From the entries below, reproduce exactly the lines from the one with "Soft blue dust" through the one with "J.HOFFMAN'S *From Texas, For", both included, without images.

━━━ Entries shown

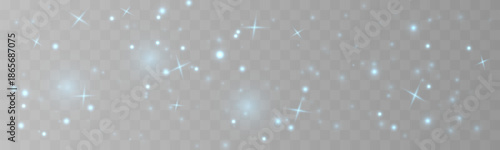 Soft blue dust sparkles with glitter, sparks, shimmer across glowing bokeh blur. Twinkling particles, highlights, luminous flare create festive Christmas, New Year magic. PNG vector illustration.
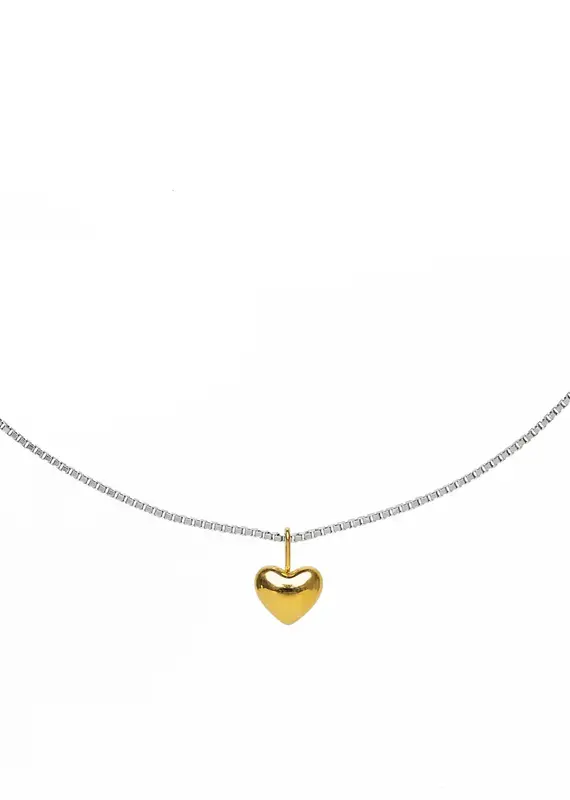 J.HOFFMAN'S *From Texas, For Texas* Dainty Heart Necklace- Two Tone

━━━━━━
━━━ Entries shown

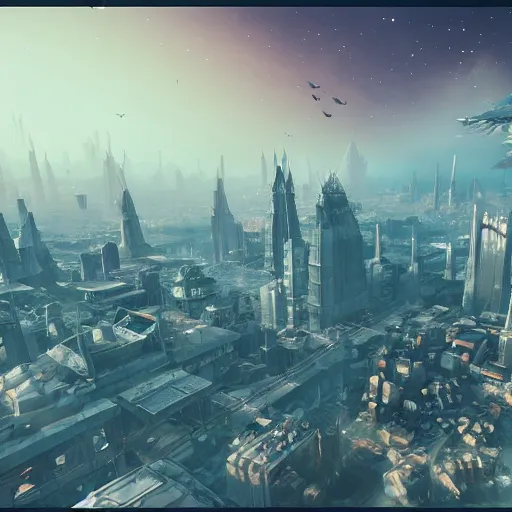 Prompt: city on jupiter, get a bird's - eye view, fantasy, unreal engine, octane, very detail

━━━━━━

> Answer to the problem:
 Soft blue dust sparkles with glitter, sparks, shimmer across glowing bokeh blur. Twinkling particles, highlights, luminous flare create festive Christmas, New Year magic. PNG vector illustration.
 J.HOFFMAN'S *From Texas, For Texas* Dainty Heart Necklace- Two Tone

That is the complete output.